Will supply growth slow? If so, when and why?
Freitag: “Yes, eventually the increase in new supply will slow. Keep in mind that for the percent increase to remain the same, the actual number of new rooms has to grow since the base (i.e., total U.S. rooms available) is higher every year. So, the math gets harder. At the same time, I have heard anecdotally that construction lending outside of the Top 25 markets is getting harder to obtain. And even in the large markets, it gets harder and harder to convince banks that a proposed hotel pencils out.”
Woodworth: “We expect supply growth to ‘level-off’ in the 2.1% to 2.2% range in 2018 through 2020. We will not likely see a spike in new construction (similar to previous cycles) because of a number of factors: Elevated developer cost of capital, primarily because of more expensive debt; and Airbnb and other participants in the sharing economy seem to be mitigating ADR growth. As such, development economics in many markets will not support new construction.”
Berman: “Lodging industry fundamentals are expected to remain positive, albeit decelerate. Supply cycle usually lags the RevPAR cycle as developer expectations adjust to evolving fundamentals. In addition to lodging industry fundamentals, slowdown in supply growth will be dependent on a number of factors, including the path of interest rates that drives capital market expectations and availability of capital.”
Shah: “Supply deliveries will accelerate in many markets in 2017 and 2018. But financing new projects today in major urban markets has become more challenging, and there will be a meaningful reduction in supply growth in future years.”
Martz: “Based on the current pipeline and construction starts, supply growth is not likely to slow until 2018 or perhaps 2019. Virtually all of the lenders that we work with have noted that they are pulling back from new construction lending. However, this is an encouraging sign that the lending community has identified the heightened risks associated with new development.”
What is currently driving RevPAR and why?
Freitag: “RevPAR has been and will be ADR driven. We project occupancy declines in 2017 and probably beyond. For RevPAR to be positive, that means that ADR growth has to make up for the occupancy decline. We expect that in 2017, and I would personally expect that also to be the case in 2018.”
Woodworth: "The volume of new supply will likely exceed demand growth from 2017 through 2019. As such, RevPAR will be driven entirely by increases in average daily rate. This more efficient revenue growth will help to offset increasing labor costs.”
Berman: “RevPAR currently and year-to-date through October has been largely driven by the group segment, more specifically their slightly accelerating room rates, which has outperformed transient room rate growth.
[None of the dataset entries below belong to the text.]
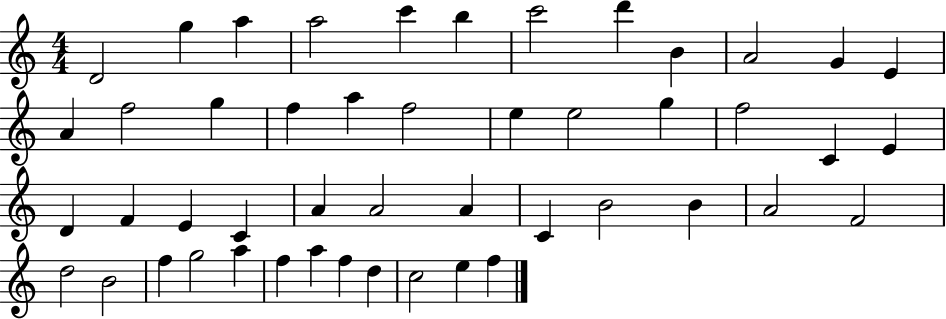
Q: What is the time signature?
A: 4/4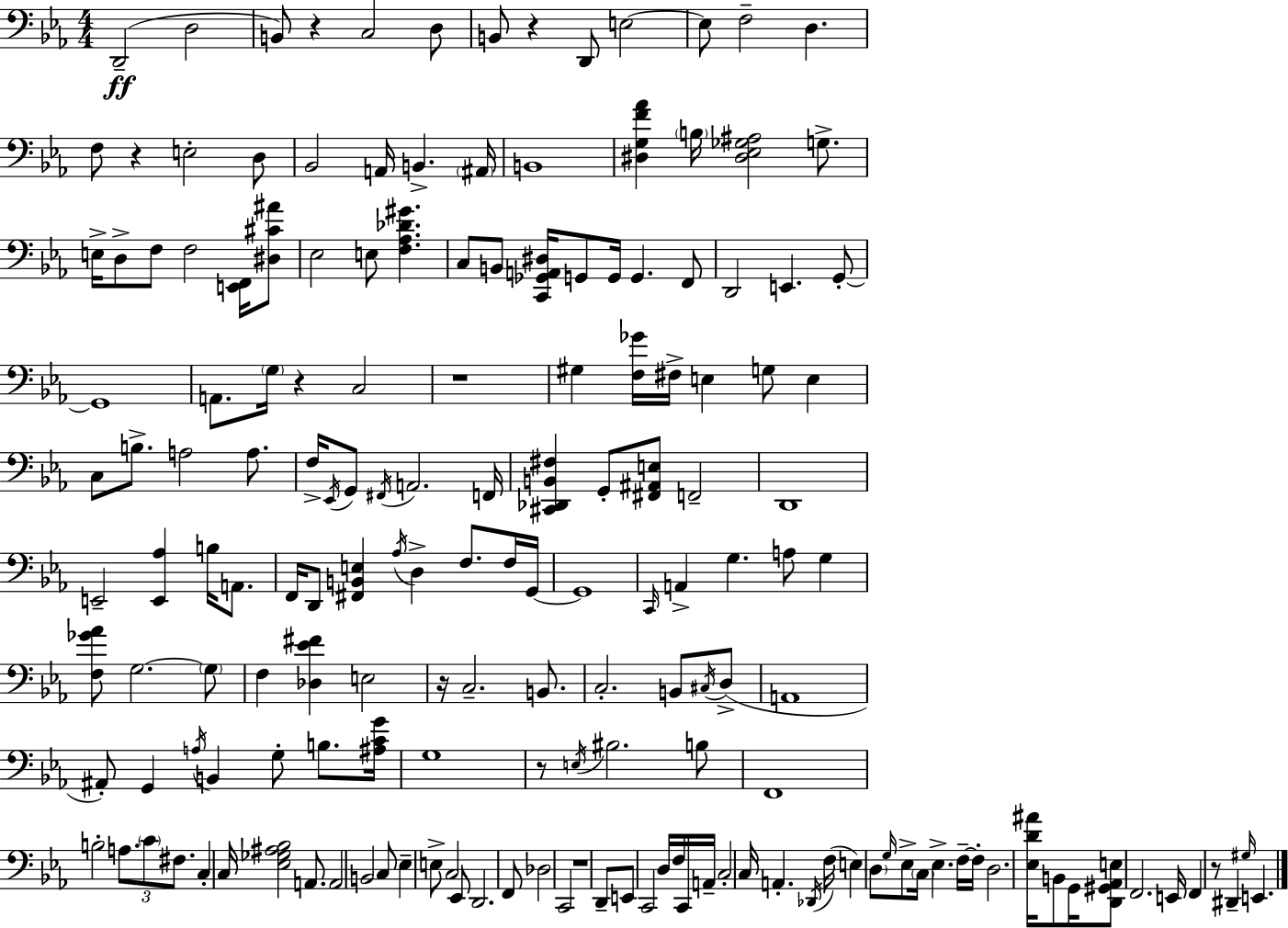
X:1
T:Untitled
M:4/4
L:1/4
K:Cm
D,,2 D,2 B,,/2 z C,2 D,/2 B,,/2 z D,,/2 E,2 E,/2 F,2 D, F,/2 z E,2 D,/2 _B,,2 A,,/4 B,, ^A,,/4 B,,4 [^D,G,F_A] B,/4 [^D,_E,_G,^A,]2 G,/2 E,/4 D,/2 F,/2 F,2 [E,,F,,]/4 [^D,^C^A]/2 _E,2 E,/2 [F,_A,_D^G] C,/2 B,,/2 [C,,_G,,A,,^D,]/4 G,,/2 G,,/4 G,, F,,/2 D,,2 E,, G,,/2 G,,4 A,,/2 G,/4 z C,2 z4 ^G, [F,_G]/4 ^F,/4 E, G,/2 E, C,/2 B,/2 A,2 A,/2 F,/4 _E,,/4 G,,/2 ^F,,/4 A,,2 F,,/4 [^C,,_D,,B,,^F,] G,,/2 [^F,,^A,,E,]/2 F,,2 D,,4 E,,2 [E,,_A,] B,/4 A,,/2 F,,/4 D,,/2 [^F,,B,,E,] _A,/4 D, F,/2 F,/4 G,,/4 G,,4 C,,/4 A,, G, A,/2 G, [F,_G_A]/2 G,2 G,/2 F, [_D,_E^F] E,2 z/4 C,2 B,,/2 C,2 B,,/2 ^C,/4 D,/2 A,,4 ^A,,/2 G,, A,/4 B,, G,/2 B,/2 [^A,CG]/4 G,4 z/2 E,/4 ^B,2 B,/2 F,,4 B,2 A,/2 C/2 ^F,/2 C, C,/4 [_E,_G,^A,_B,]2 A,,/2 A,,2 B,,2 C,/2 _E, E,/2 C,2 _E,,/2 D,,2 F,,/2 _D,2 C,,2 z4 D,,/2 E,,/2 C,,2 D,/4 F,/4 C,,/4 A,,/4 C,2 C,/4 A,, _D,,/4 F,/4 E, D,/2 G,/4 _E,/2 C,/4 _E, F,/4 F,/4 D,2 [_E,D^A]/4 B,,/2 G,,/4 [D,,^G,,_A,,E,]/2 F,,2 E,,/4 F,, z/2 ^D,, ^G,/4 E,,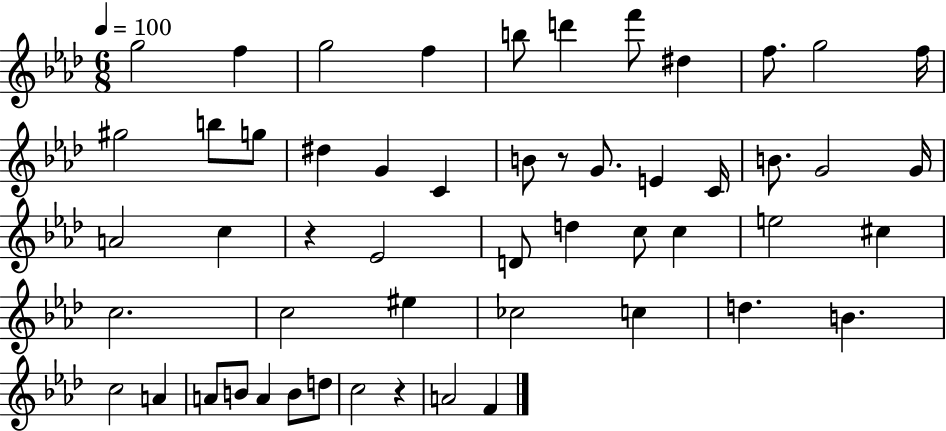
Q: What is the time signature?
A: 6/8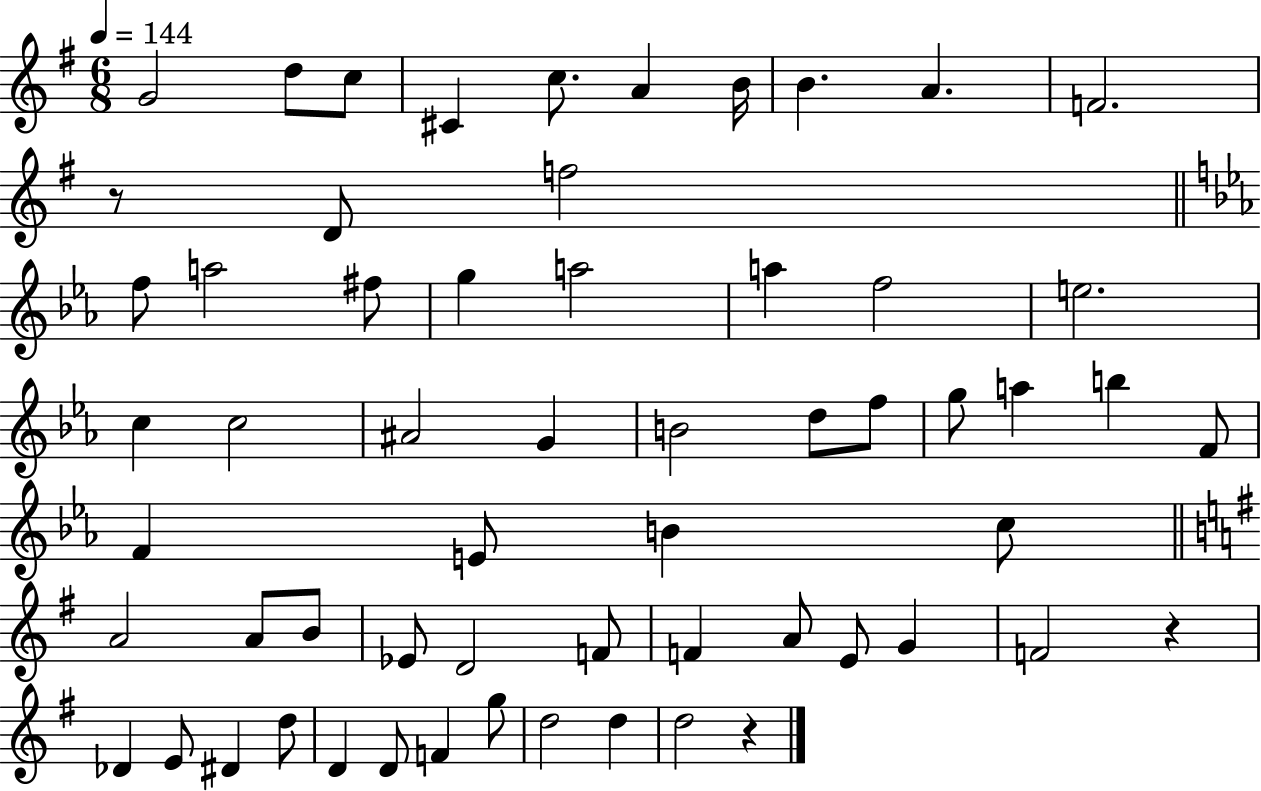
G4/h D5/e C5/e C#4/q C5/e. A4/q B4/s B4/q. A4/q. F4/h. R/e D4/e F5/h F5/e A5/h F#5/e G5/q A5/h A5/q F5/h E5/h. C5/q C5/h A#4/h G4/q B4/h D5/e F5/e G5/e A5/q B5/q F4/e F4/q E4/e B4/q C5/e A4/h A4/e B4/e Eb4/e D4/h F4/e F4/q A4/e E4/e G4/q F4/h R/q Db4/q E4/e D#4/q D5/e D4/q D4/e F4/q G5/e D5/h D5/q D5/h R/q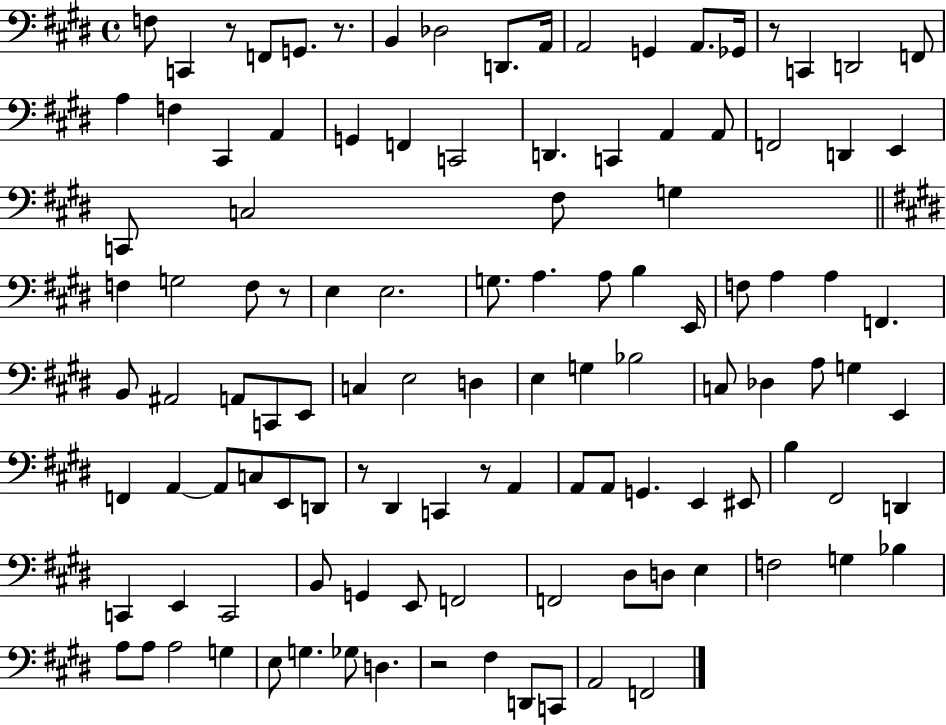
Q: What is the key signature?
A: E major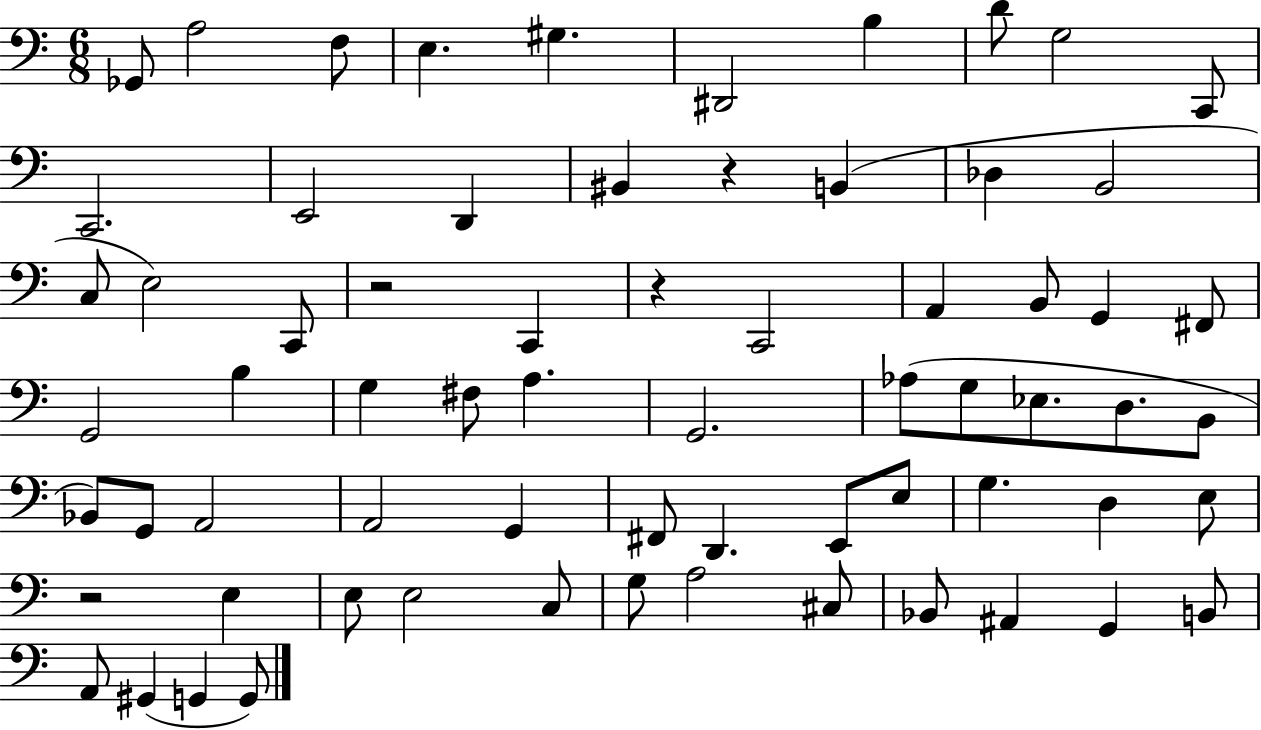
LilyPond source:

{
  \clef bass
  \numericTimeSignature
  \time 6/8
  \key c \major
  ges,8 a2 f8 | e4. gis4. | dis,2 b4 | d'8 g2 c,8 | \break c,2. | e,2 d,4 | bis,4 r4 b,4( | des4 b,2 | \break c8 e2) c,8 | r2 c,4 | r4 c,2 | a,4 b,8 g,4 fis,8 | \break g,2 b4 | g4 fis8 a4. | g,2. | aes8( g8 ees8. d8. b,8 | \break bes,8) g,8 a,2 | a,2 g,4 | fis,8 d,4. e,8 e8 | g4. d4 e8 | \break r2 e4 | e8 e2 c8 | g8 a2 cis8 | bes,8 ais,4 g,4 b,8 | \break a,8 gis,4( g,4 g,8) | \bar "|."
}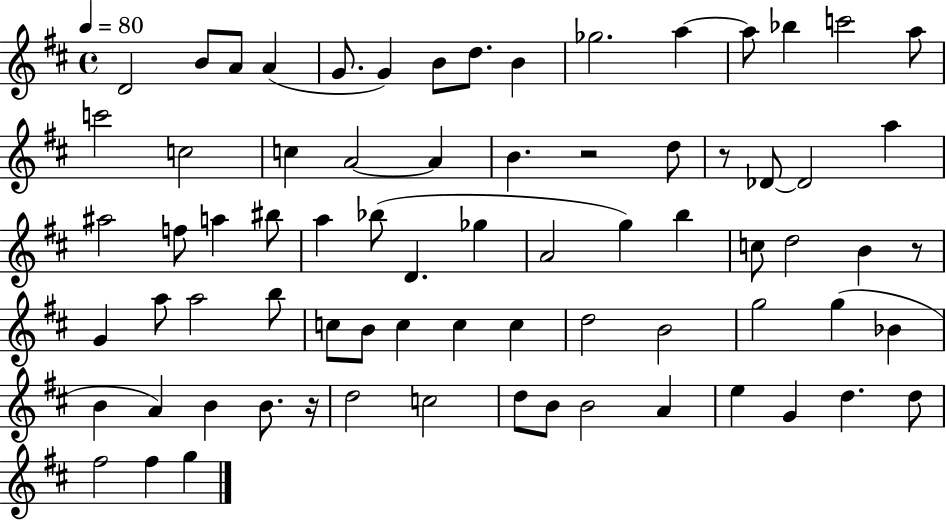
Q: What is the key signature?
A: D major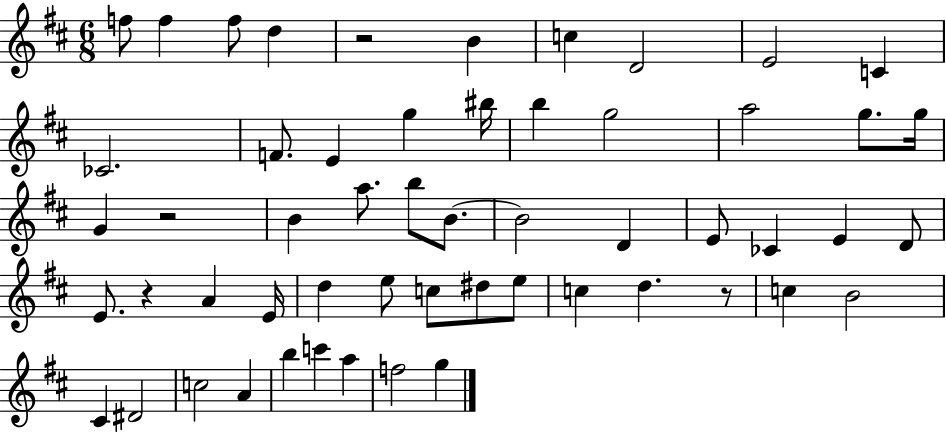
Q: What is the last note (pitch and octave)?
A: G5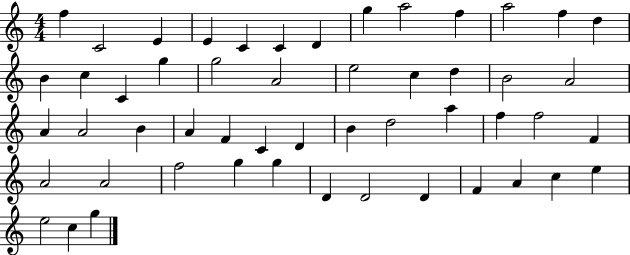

As corporate profits begin to stabilize, this year has seen a meaningful deceleration in corporate transient demand.”
Shah: “Corporate profit growth should lead to some acceleration in RevPar growth in 2017. We will continue to feel the headwinds of a strong dollar and slower international demand growth but more certainty around the domestic political environment, and a more positive corporate growth outlook should drive positive growth for the sector.”
Martz: “Largely all of the major urban markets are operating at or above all-time peak occupancy levels. As more supply comes on line, room rates are likely to be negatively impacted. This is primarily because of the brands redemption programs, which encourage hotels to discount their near-term room rates in order to get to the high redemption rate thresholds. This is one of the structural problems that is negatively impacting the hotel industry, and it’s happening in most markets, not just New York.”